- DESCRIPTION OF THE TASK: Repeat exactly the lines from the line containing "istock Gray Mullet" through the last line of the records below, inclusive, and nothing else.

-------- INPUT --------

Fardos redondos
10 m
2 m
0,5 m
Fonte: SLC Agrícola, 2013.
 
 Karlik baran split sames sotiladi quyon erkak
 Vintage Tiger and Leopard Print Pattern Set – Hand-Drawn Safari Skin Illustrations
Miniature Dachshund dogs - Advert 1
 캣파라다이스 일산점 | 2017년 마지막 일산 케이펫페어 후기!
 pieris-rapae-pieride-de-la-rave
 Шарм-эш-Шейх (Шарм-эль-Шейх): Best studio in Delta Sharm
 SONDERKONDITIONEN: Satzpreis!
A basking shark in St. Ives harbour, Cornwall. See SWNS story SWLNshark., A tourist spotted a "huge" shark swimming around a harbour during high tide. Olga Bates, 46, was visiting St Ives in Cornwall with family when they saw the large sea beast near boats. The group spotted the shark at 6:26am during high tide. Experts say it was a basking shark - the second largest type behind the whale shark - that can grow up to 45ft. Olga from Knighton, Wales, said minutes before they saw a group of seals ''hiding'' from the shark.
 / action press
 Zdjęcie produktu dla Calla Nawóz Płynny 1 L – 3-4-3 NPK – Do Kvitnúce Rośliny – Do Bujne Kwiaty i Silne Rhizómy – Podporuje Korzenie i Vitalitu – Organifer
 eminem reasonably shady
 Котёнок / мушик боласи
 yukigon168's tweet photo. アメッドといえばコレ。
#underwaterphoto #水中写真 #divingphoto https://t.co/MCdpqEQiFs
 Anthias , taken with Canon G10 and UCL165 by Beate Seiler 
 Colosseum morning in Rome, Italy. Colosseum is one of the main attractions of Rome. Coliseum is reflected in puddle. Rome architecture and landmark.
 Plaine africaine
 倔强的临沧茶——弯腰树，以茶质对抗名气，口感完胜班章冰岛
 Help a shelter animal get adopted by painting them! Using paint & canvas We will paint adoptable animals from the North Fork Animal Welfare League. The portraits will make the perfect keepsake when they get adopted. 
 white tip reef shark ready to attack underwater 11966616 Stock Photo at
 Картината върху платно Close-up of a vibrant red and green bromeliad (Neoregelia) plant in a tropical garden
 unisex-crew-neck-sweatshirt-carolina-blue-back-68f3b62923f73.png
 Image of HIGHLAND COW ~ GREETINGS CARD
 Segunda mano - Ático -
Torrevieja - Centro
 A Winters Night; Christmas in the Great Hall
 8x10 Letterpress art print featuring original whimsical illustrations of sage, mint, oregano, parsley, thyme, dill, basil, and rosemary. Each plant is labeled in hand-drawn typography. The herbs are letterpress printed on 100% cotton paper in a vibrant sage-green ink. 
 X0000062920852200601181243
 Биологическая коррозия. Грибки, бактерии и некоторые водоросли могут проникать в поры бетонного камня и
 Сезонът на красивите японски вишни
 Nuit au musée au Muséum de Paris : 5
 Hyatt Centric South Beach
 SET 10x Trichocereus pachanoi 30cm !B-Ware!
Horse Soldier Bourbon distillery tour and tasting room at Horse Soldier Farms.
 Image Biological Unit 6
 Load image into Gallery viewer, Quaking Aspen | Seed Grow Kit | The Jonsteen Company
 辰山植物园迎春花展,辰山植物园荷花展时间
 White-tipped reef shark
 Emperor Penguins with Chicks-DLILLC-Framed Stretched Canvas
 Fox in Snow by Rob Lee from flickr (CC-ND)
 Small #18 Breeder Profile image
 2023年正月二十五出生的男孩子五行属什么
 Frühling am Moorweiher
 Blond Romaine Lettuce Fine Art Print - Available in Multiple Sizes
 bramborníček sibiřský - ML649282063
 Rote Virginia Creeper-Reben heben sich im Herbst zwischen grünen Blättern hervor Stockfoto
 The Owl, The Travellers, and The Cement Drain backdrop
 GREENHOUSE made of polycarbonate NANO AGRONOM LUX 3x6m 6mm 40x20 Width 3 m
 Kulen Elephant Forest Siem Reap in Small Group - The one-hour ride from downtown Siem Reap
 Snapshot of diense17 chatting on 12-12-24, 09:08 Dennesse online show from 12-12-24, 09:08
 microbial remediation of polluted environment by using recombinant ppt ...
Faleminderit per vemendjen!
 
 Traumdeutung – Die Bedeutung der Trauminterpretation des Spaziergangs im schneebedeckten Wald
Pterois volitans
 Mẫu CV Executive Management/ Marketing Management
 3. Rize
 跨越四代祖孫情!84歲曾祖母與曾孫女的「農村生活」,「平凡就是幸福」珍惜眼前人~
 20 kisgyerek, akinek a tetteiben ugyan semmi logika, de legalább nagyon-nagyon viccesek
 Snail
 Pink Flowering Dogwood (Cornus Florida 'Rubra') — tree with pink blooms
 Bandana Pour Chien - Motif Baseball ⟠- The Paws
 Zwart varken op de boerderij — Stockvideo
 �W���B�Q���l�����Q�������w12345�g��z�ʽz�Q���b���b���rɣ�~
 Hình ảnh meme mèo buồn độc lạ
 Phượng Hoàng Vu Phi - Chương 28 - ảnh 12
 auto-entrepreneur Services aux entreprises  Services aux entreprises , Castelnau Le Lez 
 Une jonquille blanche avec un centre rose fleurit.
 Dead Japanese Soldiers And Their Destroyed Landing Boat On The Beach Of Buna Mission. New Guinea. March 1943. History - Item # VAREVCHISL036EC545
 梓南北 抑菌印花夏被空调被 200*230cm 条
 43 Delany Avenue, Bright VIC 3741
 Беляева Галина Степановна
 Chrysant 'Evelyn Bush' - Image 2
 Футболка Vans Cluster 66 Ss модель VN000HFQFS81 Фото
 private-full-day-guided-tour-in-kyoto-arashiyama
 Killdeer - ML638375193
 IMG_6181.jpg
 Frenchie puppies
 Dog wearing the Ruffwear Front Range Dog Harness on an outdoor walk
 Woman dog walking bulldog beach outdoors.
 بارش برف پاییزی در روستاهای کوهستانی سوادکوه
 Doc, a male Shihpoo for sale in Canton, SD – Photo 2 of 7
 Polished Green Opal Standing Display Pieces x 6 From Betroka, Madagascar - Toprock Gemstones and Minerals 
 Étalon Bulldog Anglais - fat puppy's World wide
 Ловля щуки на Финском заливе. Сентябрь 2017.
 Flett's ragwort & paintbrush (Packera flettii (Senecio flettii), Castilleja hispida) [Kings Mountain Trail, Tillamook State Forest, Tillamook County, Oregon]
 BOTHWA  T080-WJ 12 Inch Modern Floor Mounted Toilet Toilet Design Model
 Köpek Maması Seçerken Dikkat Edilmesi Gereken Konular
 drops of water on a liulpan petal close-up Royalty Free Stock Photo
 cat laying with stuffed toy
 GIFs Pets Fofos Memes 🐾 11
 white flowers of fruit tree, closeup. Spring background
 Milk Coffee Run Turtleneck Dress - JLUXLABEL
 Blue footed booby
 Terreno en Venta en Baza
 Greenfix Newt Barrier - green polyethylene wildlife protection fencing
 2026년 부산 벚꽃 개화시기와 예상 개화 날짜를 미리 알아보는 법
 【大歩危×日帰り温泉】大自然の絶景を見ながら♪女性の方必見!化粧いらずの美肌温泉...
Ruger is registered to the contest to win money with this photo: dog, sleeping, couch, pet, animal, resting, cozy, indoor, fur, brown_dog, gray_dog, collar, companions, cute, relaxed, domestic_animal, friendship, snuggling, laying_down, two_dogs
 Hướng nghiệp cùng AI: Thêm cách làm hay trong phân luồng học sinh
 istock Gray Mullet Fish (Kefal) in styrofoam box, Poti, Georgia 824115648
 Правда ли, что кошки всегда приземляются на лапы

--------

- YOUR SOLUTION:
 istock Gray Mullet Fish (Kefal) in styrofoam box, Poti, Georgia 824115648
 Правда ли, что кошки всегда приземляются на лапы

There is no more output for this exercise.